## To do
Only the pictures are to be dropped; the rest of the data below is to be duplicated exactly.

(Saved data entries)
----------

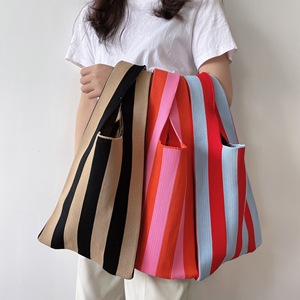 Women's Fashion Autumn Winter Accessories Stripe <strong>Bags</strong> <strong>Black</strong> Green Pink White Stripe <strong>Small</strong> Knitted Tote Handbags <strong>Bag</strong> - Product Image 6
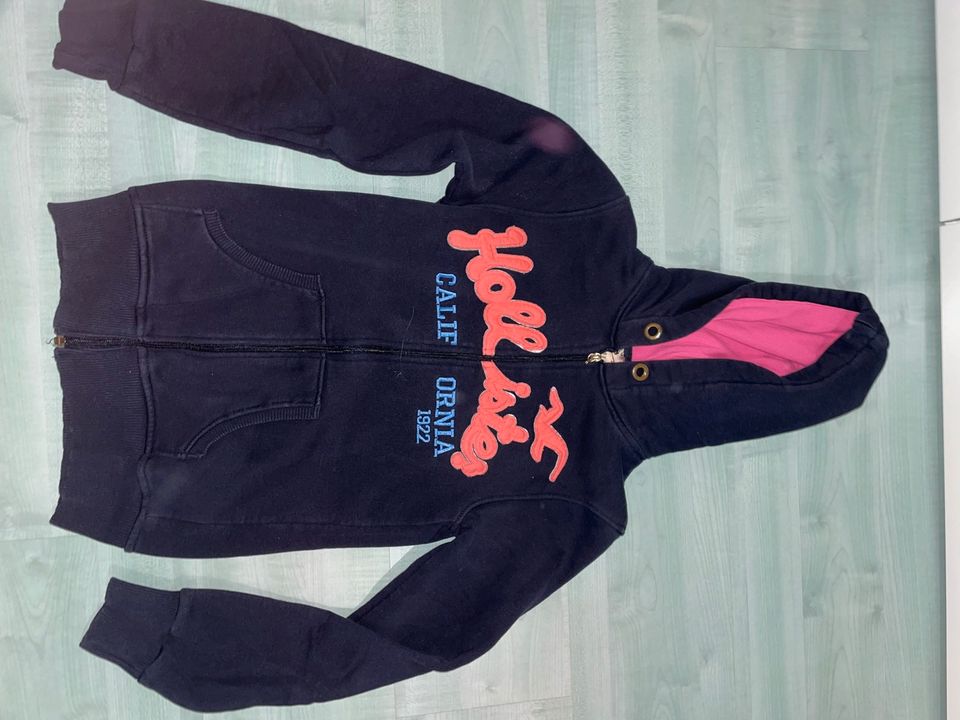 Hollister Jacke Hoodie Dunkelblau pink rosa grösse M in Hemmingen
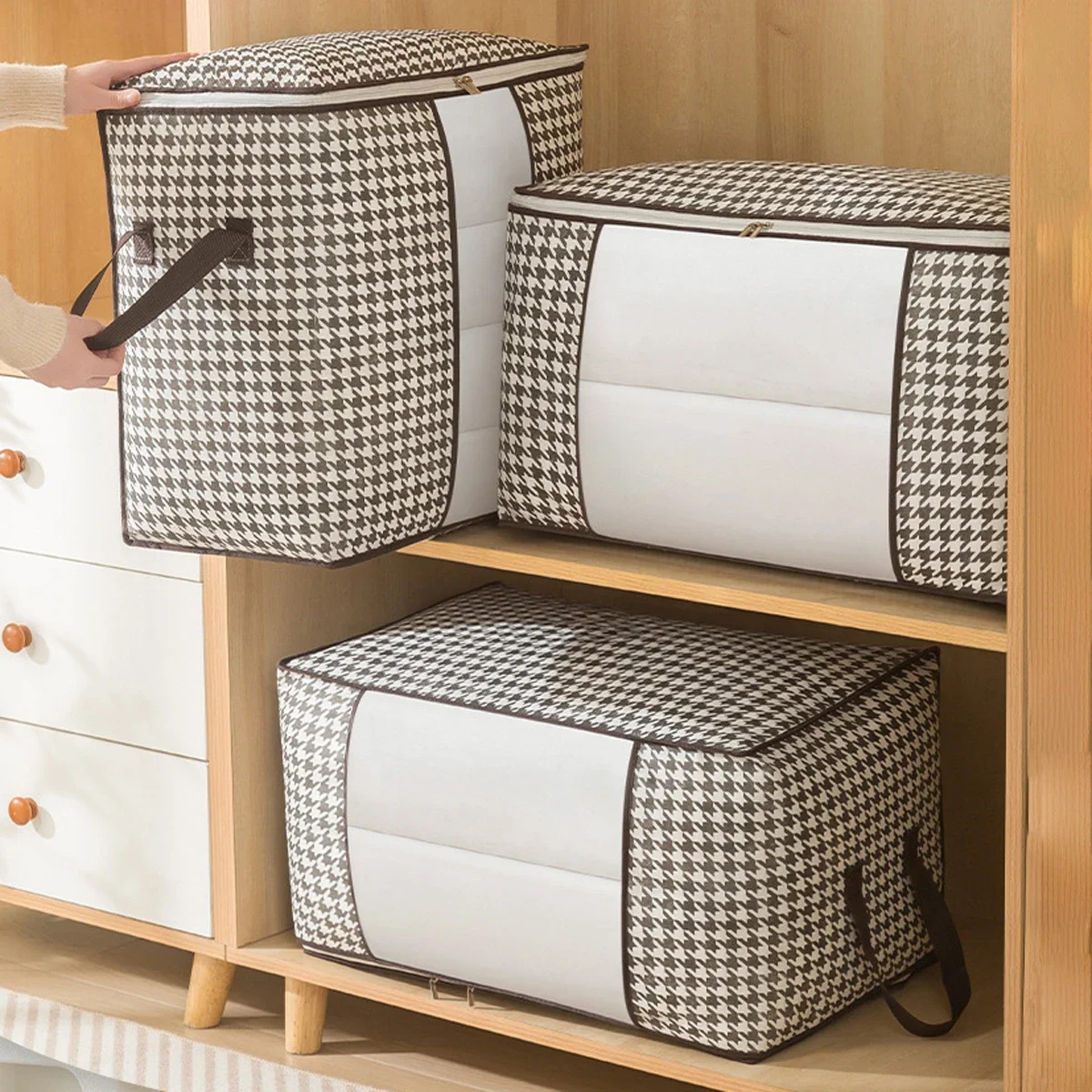 3pcs-Large Capacity Houndstooth Pattern Storage Box with Zipper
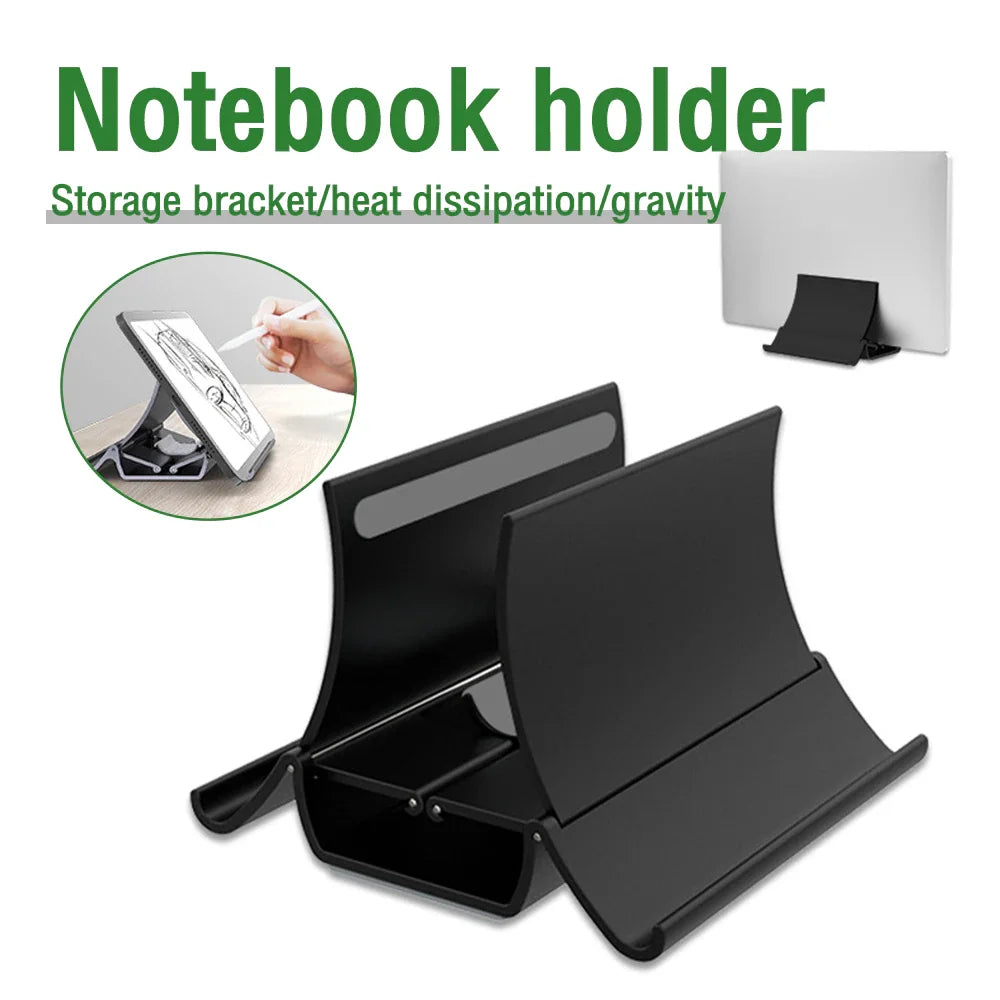 Vertical Laptop Stand with Heat Dissipation - Non-Slip Gravity Induction Holder for Laptops, Notebooks, iPad Pro, and Tablets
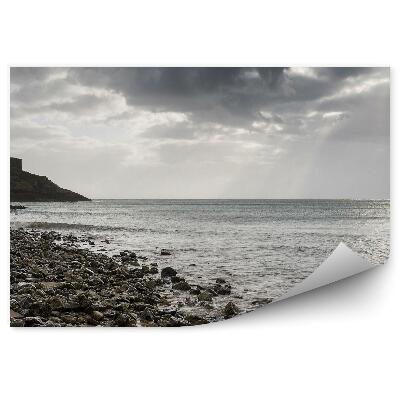 Decor fototapet Pietre Far Munte Mare Ocean Cer Furtunos Sepia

----------

## Reply
 Women's Fashion Autumn Winter Accessories Stripe <strong>Bags</strong> <strong>Black</strong> Green Pink White Stripe <strong>Small</strong> Knitted Tote Handbags <strong>Bag</strong> - Product Image 6
 Hollister Jacke Hoodie Dunkelblau pink rosa grösse M in Hemmingen
 3pcs-Large Capacity Houndstooth Pattern Storage Box with Zipper
 Vertical Laptop Stand with Heat Dissipation - Non-Slip Gravity Induction Holder for Laptops, Notebooks, iPad Pro, and Tablets
 Decor fototapet Pietre Far Munte Mare Ocean Cer Furtunos Sepia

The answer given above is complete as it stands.